## Work order
Only the lines from the one containing "2024 Subaru Outback" through the last line below should be written out, exactly and with both ends kept.

## Records shown
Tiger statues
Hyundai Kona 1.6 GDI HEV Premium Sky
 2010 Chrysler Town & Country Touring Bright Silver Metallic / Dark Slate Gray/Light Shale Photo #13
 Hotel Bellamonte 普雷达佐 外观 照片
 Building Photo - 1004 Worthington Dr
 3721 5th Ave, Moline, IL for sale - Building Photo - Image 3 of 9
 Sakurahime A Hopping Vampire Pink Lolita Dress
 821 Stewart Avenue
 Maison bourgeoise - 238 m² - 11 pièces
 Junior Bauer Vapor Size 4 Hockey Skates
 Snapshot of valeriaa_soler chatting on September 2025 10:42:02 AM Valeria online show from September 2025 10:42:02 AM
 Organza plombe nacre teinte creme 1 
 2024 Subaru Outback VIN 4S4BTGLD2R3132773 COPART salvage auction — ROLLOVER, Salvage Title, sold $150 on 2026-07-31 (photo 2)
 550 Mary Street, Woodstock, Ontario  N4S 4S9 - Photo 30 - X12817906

## Reply to the task
 2024 Subaru Outback VIN 4S4BTGLD2R3132773 COPART salvage auction — ROLLOVER, Salvage Title, sold $150 on 2026-07-31 (photo 2)
 550 Mary Street, Woodstock, Ontario  N4S 4S9 - Photo 30 - X12817906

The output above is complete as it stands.